Egypt’s Entrenched Military
sigmundcarlandalfred.wordpress.com
FIFTY YEARS ago, drawn to the perceived dynamism of fresh, young military leaders, scholars and policy analysts became enamored of the potential role of the military in political, economic and social modernization. The “man on horseback,” as S. E. Finer described it, was seen as best positioned to effect the transition from developing to modern societies. The military, it was believed, could draw on the institutional cohesion and its monopoly of coercive power to marshal the resources and will necessary to push societies forward. Egypt was studied as a prime example.
Things did not quite turn out as the academics expected. After overthrowing the monarchy and seizing power in 1952, the so-called Free Officers in Egypt constricted the political space and monopolized power, driving Islamists underground and marginalizing old-time liberal political elements. Their sweeping modernization programs nearly bankrupted Egypt. Ultimately, the monopoly of power achieved by Egypt’s revolutionists, led by Gamal Abdel Nasser, primarily was used to maintain the military’s dominant position and ensure that its interests were protected and advanced.
To be sure, Nasser had grand—indeed, grandiose—dreams to revamp Egyptian society. In the name of agricultural reform, he broke up large landholdings and parceled out land to Egypt’s fellahin, or peasants. Though a socially progressive move, this initiative undercut agricultural economies of scale and helped transform Egypt into a major importer of wheat and other basic foodstuffs. In the name of reversing the evils of capitalism, the government became the initiator and owner of large-scale manufacturing enterprises, which ensured mass employment but also drained the national budget as huge losses ensued. Nationalized financial entities experienced a similar fate. In the name of promoting pan-Arab secular nationalism, Nasser threatened conservative Arab neighbors, ultimately involving Egypt in a messy civil war in Yemen that severely weakened Egypt’s military capabilities in the years before the 1967 war with Israel. By the late 1970s, a decade after Nasser’s death and more than twenty-five years into the Egyptian revolution, the best that could be said about the military-dominated Egypt was that national pride had been restored and all Egyptians suffered equally.

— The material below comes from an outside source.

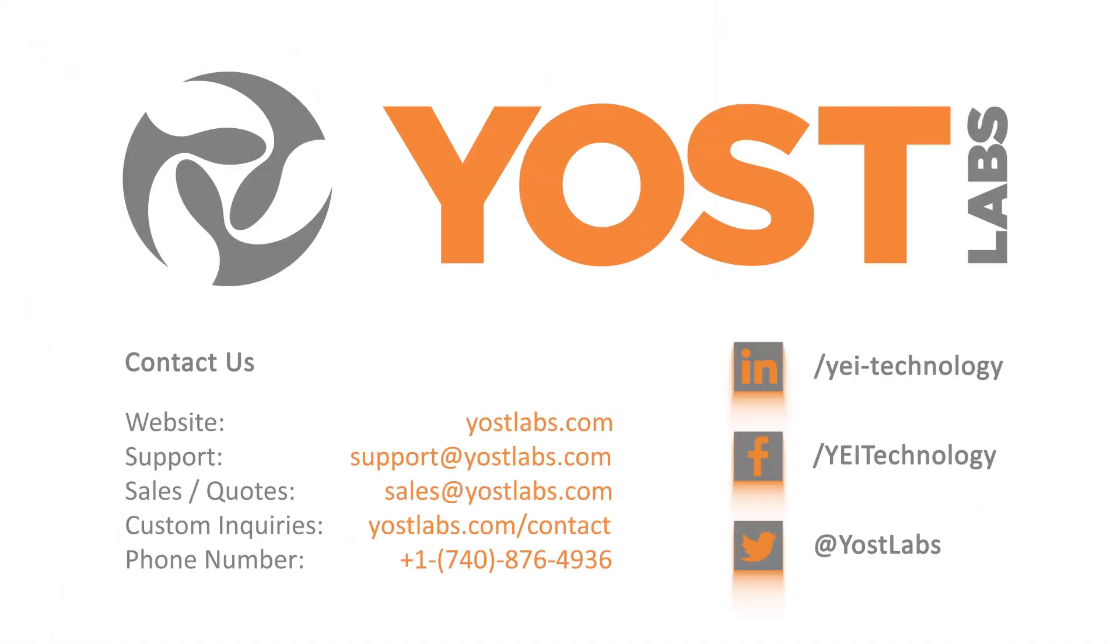We hope you enjoy your experience working with the 3Space Mini Bluetooth and we greatly appreciate your business. If you have any questions or comments on using your hardware, the 3Space Sensor Suite, or have any custom project inquiries, feel free to contact us today.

IN MANY respects, the next forty years under Anwar Sadat and Hosni Mubarak represented an effort to correct some of the missteps that occurred after the 1952 revolution. Sadat scaled down the rhetoric against Arab monarchies; switched Cold War allegiances from the Soviet Union to the United States; made war and then peace with Israel; tried to open the economy to private-sector activity; and experimented with a government-led multiparty system. Despite all these initiatives designed to correct the course of the Egyptian revolution, Sadat’s crackdown on the Muslim Brotherhood and other opposition elements ultimately led to his assassination at the hands of Islamist radicals within the military.